Speaking of James V. Koch (see previous post), the former Old Dominion University president-turned-economics professor has posted on his website a research paper he is publishing about the efficacy of online learning. Many studies have found “no significant difference” between students learning online and in bricks-and-mortar environments, Koch says. But the finding of those studies has been called into question, he notes, for a lack of valid control groups.

Koch (pronounced Cook, incidentally, not like the Koch brothers) sought to rectify that deficiency in a study conducted during the spring of 2010. ODU offered a course in Managerial Economics, which has the reputation as a difficult course due to its use of regression analysis. The course transmitted live-televised lectures to 147 students around the U.S., some through streaming video (into homes), some to ODU branch campuses, and some to electronic classrooms in community colleges. Another 29 students took the course the old-fashioned way, in a classroom on the ODU campus. Class discussions were open to both in-class and online students.

When the grades were in, Koch accounted for variables such as students’ age, race, grade point average and gender. On a zero-to-one scale, the study revealed:

Students who took the course at one of the University’s higher education centers (branch campuses) achieved a grade .097 lower than students on campus.  Those who took the course at a community college achieved a grade .217 higher.  Those who took the course via video streaming achieved a grade .220 lower.  All of these estimates hold constant all other independent variable values.
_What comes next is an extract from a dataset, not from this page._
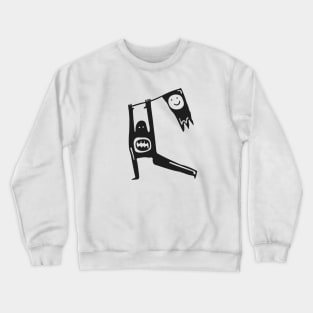 Happy Crewneck Sweatshirt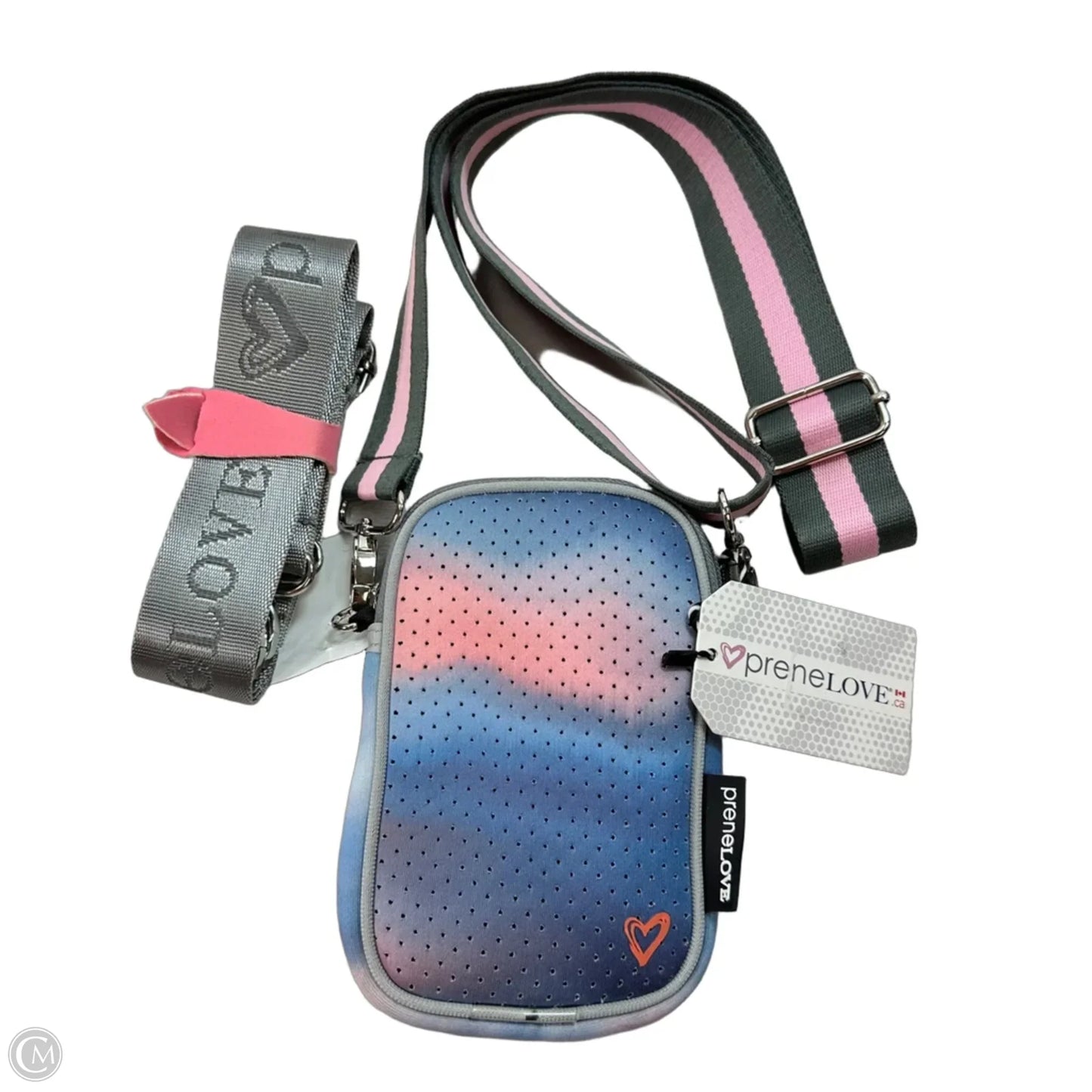 Crossbody By Clothes Mentor, Size: Small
The streaming-video students performed the worst, Koch surmises, because they were learning solo, without the support of the academic structure or fellow students who study together and help each other solve assigned problems. Similarly, students taking the course at branch campuses tended to rush home to their families and also tended to learn solo. Concludes Koch:

The results here should inspire caution among those who make strong statements about the efficacy of distance learning. …  Like Campbell’s Soups, distance learning now comes in so many varieties that it is increasingly difficult to generalize about it.

Bacon’s bottom line: Fair enough. But I must make two observations. First, ODU’s TeletechNet program might have lacked important elements provided by state-of-the-art online teaching software, such as lecture re-wind capability and student collaborative tools. (I say “might have” because Koch did not say one way or the other, and they are not mentioned in ODU’s online class demo, so I cannot be certain.) Thus, the lower grades might have reflected an outmoded online model.

Also, I find it surprising that Koch did not draw attention to the fact that the students who performed best were based in community colleges — not  the ODU campus. Not only did these students demonstrate greater mastery of the material, the course was delivered to a less expensive, community-college teaching setting, thus addressing the issue of higher-ed affordability. Although Koch did not draw this conclusion, his findings could be interpreted to support the “hybrid” model of learning, involving elements of both online and traditional academic elements.